Background: Ovarian cancer (OC) is the 8th most diagnosed cancer in women and displays poor prognosis with a 5-year survival rate of 17% for advanced stage patients. Given that 75% of cases are diagnosed at late stages, there is a need to develop better OC treatments.
T cell receptor T cell therapy (TCR-T) is emerging as a safe, alternative, and efficacious cell-based immunotherapy against solid tumours. It is based on a pre-existing mechanism by which CD8+ T cells (CTL), via their TCR, target and destroy cancer cells. CTLs achieve this by binding to specific tumour neoantigen (TNA) presented on human leukocyte antigen (HLA). Given this, precision TCR-T can be developed using CTLs engineered with neoantigen-specific TCR.
To develop TCR-T, a HLA-restricted TNA and the corresponding high-affinity TCR are required. We have identified a HLA restricted TNA specific for ovarian cancer (OC); Neuropeptide W E100Q (NPW E100Q), which is being used to explore high-affinity TCRs for engineering OC TCR-T.
Methods: To expand NPW E100Q-specific CTLs, DCs presenting NPW E100Q and CTLs from healthy, HLA-matched donor blood were co-cultured. Culture conditions were optimised to produce the highest yield of NPW E100Q CTLs by trialling differing concentrations of cytokines.
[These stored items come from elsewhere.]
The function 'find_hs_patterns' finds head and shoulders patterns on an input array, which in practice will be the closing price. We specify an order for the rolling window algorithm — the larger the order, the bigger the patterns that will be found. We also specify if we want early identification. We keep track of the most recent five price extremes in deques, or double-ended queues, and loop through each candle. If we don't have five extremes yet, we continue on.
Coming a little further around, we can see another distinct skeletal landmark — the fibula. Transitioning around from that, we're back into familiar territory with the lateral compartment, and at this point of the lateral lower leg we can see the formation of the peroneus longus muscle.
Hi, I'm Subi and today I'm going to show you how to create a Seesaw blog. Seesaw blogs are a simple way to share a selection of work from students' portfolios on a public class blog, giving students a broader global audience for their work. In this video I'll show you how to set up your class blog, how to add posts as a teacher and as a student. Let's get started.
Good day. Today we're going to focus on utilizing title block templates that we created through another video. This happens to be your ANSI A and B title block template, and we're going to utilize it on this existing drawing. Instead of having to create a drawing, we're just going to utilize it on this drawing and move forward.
Co-cultures were stained with proliferation dye and NPW E100Q dextramer to identify TNA-specific CTLs via flow cytometric analysis.
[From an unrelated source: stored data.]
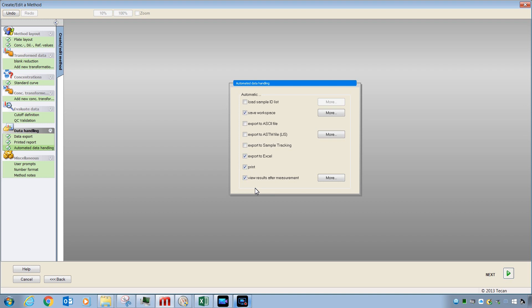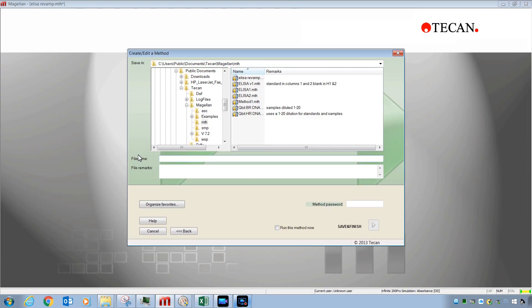Once you're done with these settings, you can move along to Next and then give your method a new name. You can then save and finish and you're done.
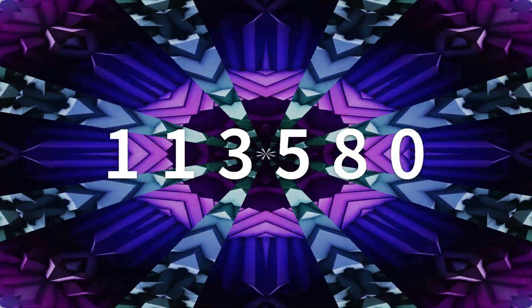Double one, three, five, eight, oh, nine. Double one, three, five, eight, oh, nine.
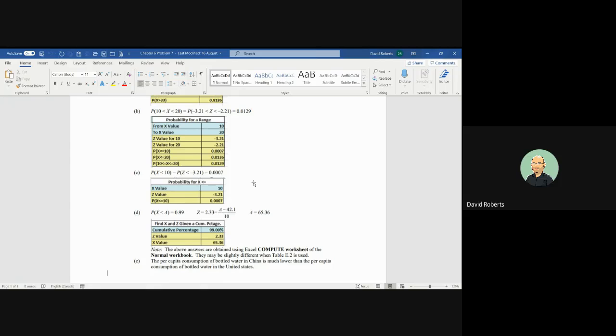So the United States has a per capita consumption of bottled water that is much higher than China. And we're going to find the data.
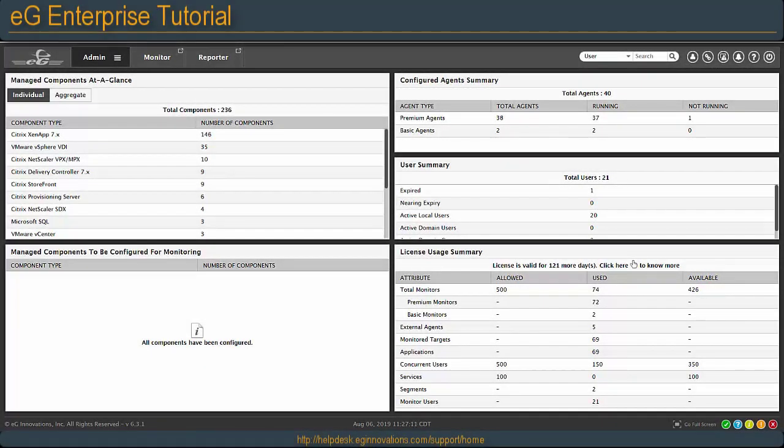Welcome to the EG tutorial on setting up a remote agent. A remote agent is a system dedicated to your monitoring solution that collects data for systems that need assistance in gathering that data.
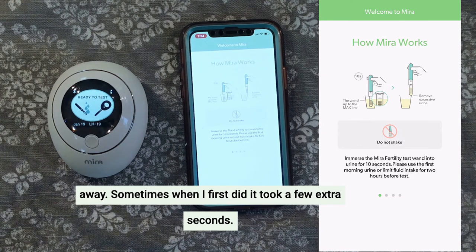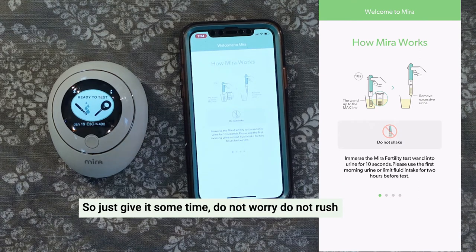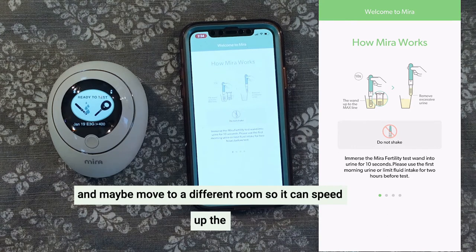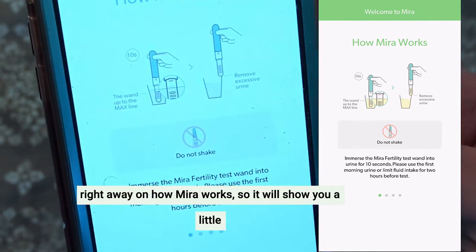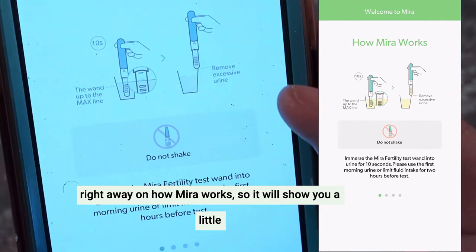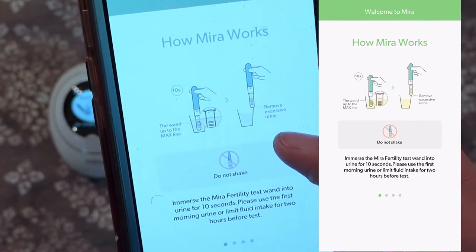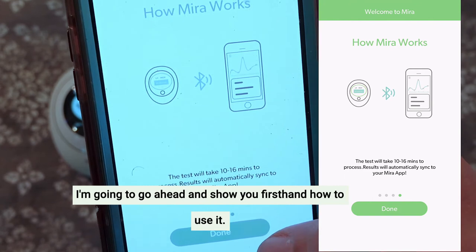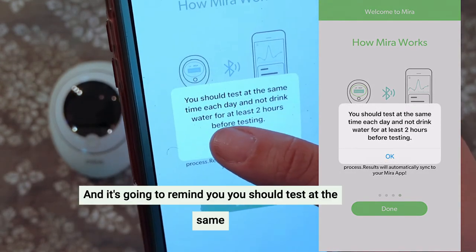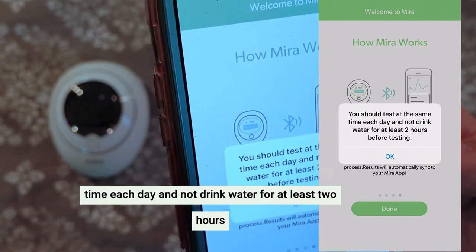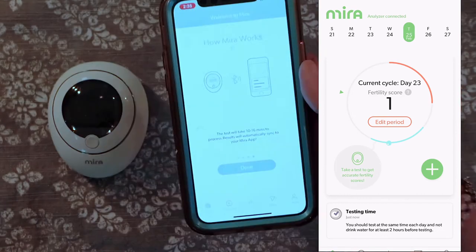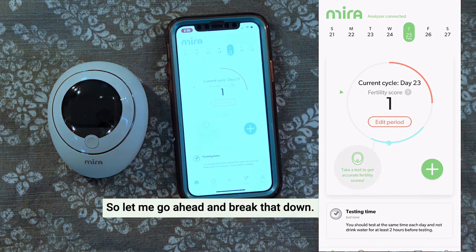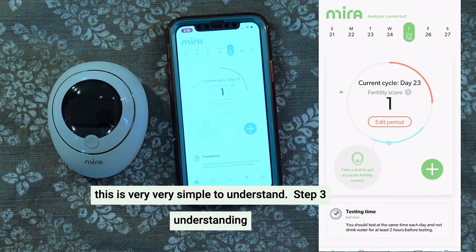Sometimes when I first did it, it took a few extra seconds, so just give it some time — do not worry, do not rush it. As mentioned, if it takes a little longer than usual, check how many Bluetooth devices are around and maybe move to a different room to speed up the process. After it's connected, it's going to guide you right away on how Mira works. It will show you a little display. But don't worry, I'm going to show you firsthand how to use it. Go ahead and hit Done. And it's going to remind you: you should test at the same time each day and not drink water for at least two hours before testing.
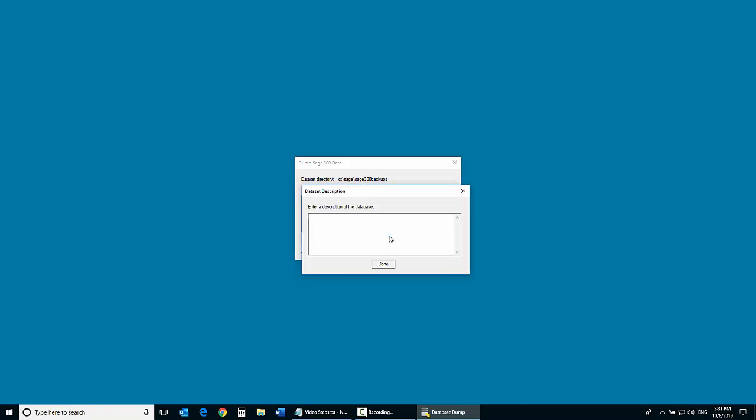Once a backup is created, a dataset description screen displays. You can enter an optional description of the database here.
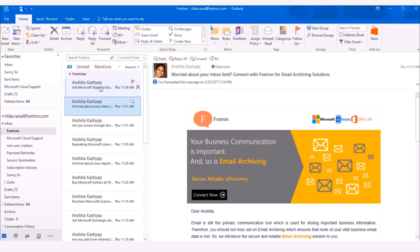Most of us have the habit of permanently deleting the unwanted items by deleting them from the deleted items folder.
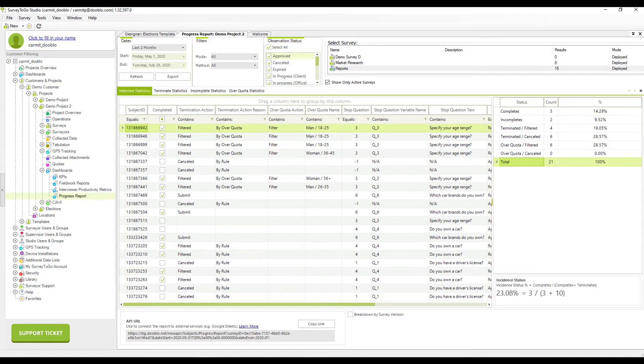The progress report provides data in real time. This means that if you need the most recent data, you simply need to click the refresh button.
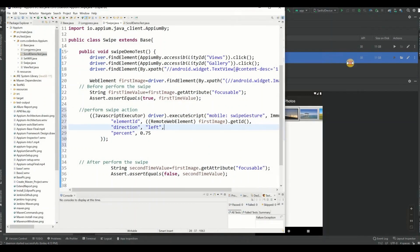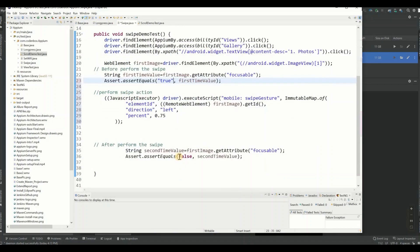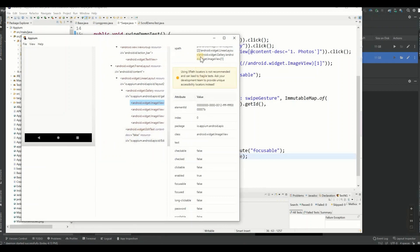Before running, one thing to confirm: the assertion comparison uses strings — 'true' and 'false' as strings, not booleans. That looks correct. Let me also make the expected 'true' a string literal. Kill the Appium server and close APM to avoid conflicts, then run the test.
Results: CTLs cultured in cytokine cocktail (IL-7, IL-15, and IL-21) showed higher cell viability and expression of CD8 markers compared to co-cultures with IL-2 alone. Additionally, NPW E100Q stimulated co-cultures showed higher numbers of dextramer-specific CTLs compared to controls using cytokine cocktail conditions.
Conclusions: Using the aforementioned cytokine cocktail, we established a novel co-culture condition which allowed for the identification of NPW E100Q specific CTLs. This population can be used to discern a TCR sequence specific for NPW E100Q peptide and develop precision OC TCR-T.